Subtilisin Novo, an alkaline serine protease derived from Bacillus amyloliquefaciens, see EP 130,756 (Genentech).
Alkaline protease of Fusarium, see e.g. U.S. Pat. No. 3,652,399 (Takeda) and DK 86/5640 (Novo).
Lipases have also been proposed as detergent ingredients, but there is still relatively little prior art dealing with lipases for this use. Of particular relevance to this invention is the proposed use of Pseudomonas lipase, see e.g. GB 1,372,034 (Unilever) and EP 214,761 (Novo).
Detergents containing lipase and protease are also known. However, as the lipase is a protein it is liable to digestion and deactivation by the protease in the detergent solution. Thus, data in EP 205,208 (Unilever) and EP 206,390 (Unilever) demonstrate that the stability of lipase from Pseudomonas fluorescens in detergent solution is seriously reduced by addition of protease from Bacillus licheniformis (Alcalase®) or from alkalophilic Bacillus sp. (Savinase® and Esperase®, trade marks of Novo Industri A/S).
Further, EP 130,064 (Novo), EP 214,761 (Novo) and WO 87/00859 (Gist-Brocades N.V.) disclose detergents with protease of Bacillus licheniformis (described as ALCALASE® and MAXATASE®, trade names of Novo and Gist-Brocades, respectively) and lipase of Fusarium oxysporum, Pseudomonas cepacia, Ps. pseudoalcaligenes or Ps. stutzeri, Stability data have not been published, but data in examples of this specification show that the stability of the lipase in these combinations is poor due to the influence of the protease.
It is the object of the invention to provide detergent compositions containing both lipase and protease, such that:
the inclusion of each enzyme significantly improves detergency towards fatty and proteinaceous soiling, respectively
each enzyme added separately shows good stability in a solution of the detergent, and
the lipase shows less deactivation due to the protease in a solution of the detergent, and that hence the detergency towards fatty soiling is not significantly reduced by the protease.
Surprisingly, we have now discovered that all these objectives can be achieved by selecting a certain group of lipases and a certain group of proteases.

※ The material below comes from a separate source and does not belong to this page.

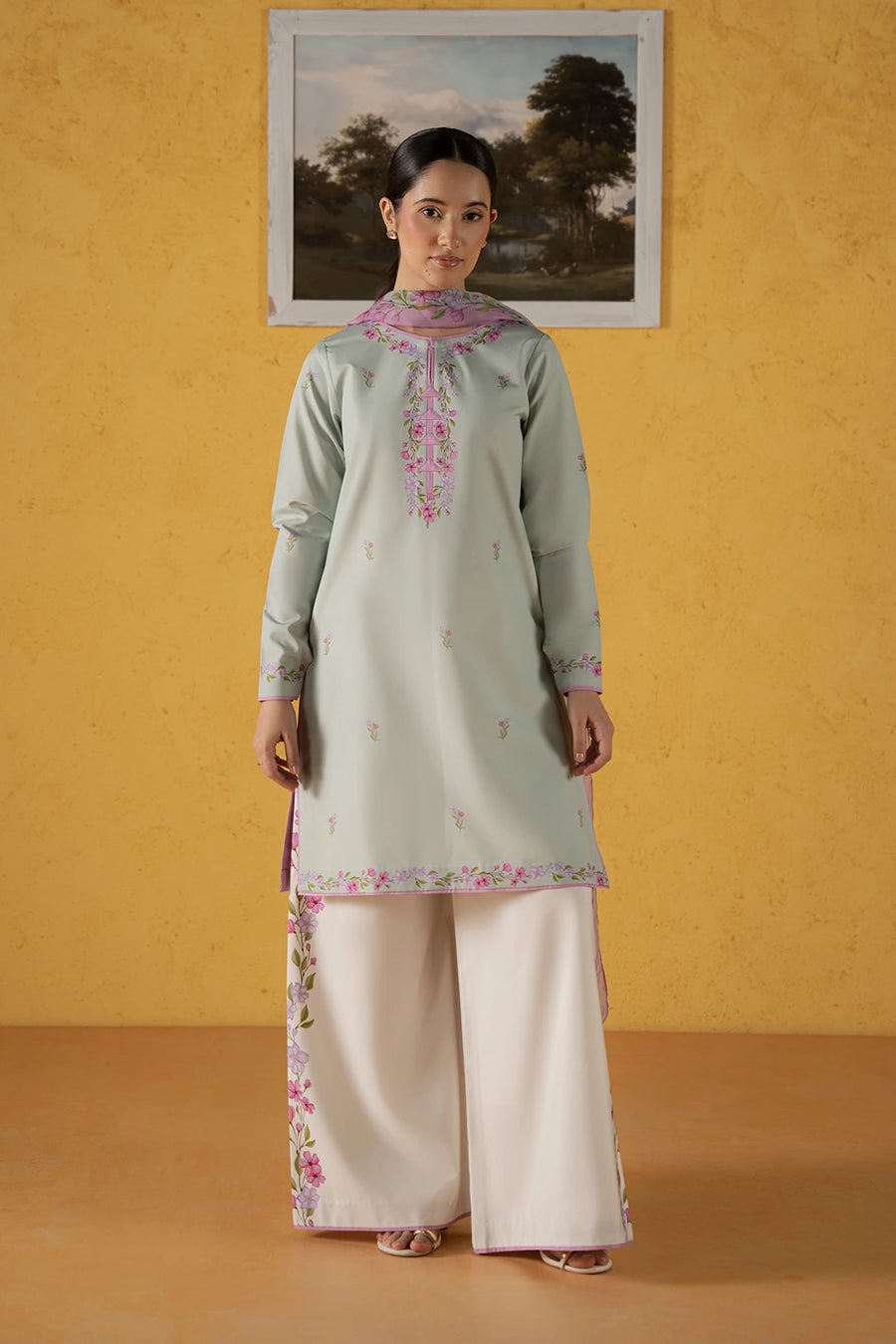 Ciela, an ice blue silk lawn 3-piece suit by Jahaan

Specifically, this combination of lipase and protease shows better lipase stability in detergent solution than the prior art.
The invention provides a detergent composition comprising a protease and a lipase. The protease is either Subtilisin Novo, a variant thereof (of a kind to be defined below) or a Fusarium protease. The lipase is derived from Pseudomonas.
The invention also provides an enzymatic detergent additive comprising said protease and said lipase.
The class of proteases that can be used in the present invention comprises proteases of Fusarium sp., Subtilisin Novo and certain variants of the latter.
Protease for use in the invention may be produced by cultivation of a strain of Fusarium sp., especially F. oxysporum and F. solani. Preferred strains include DSM 2672, IFO 5880, ATCC 659 and other strains listed in U.S. Pat. No. 3,652,399 (Takeda), as well as mutants and variants of these. Cultivation of the strains and recovery of protease may be done according to principles known in the art, U.S. Pat. No. 3,652,399.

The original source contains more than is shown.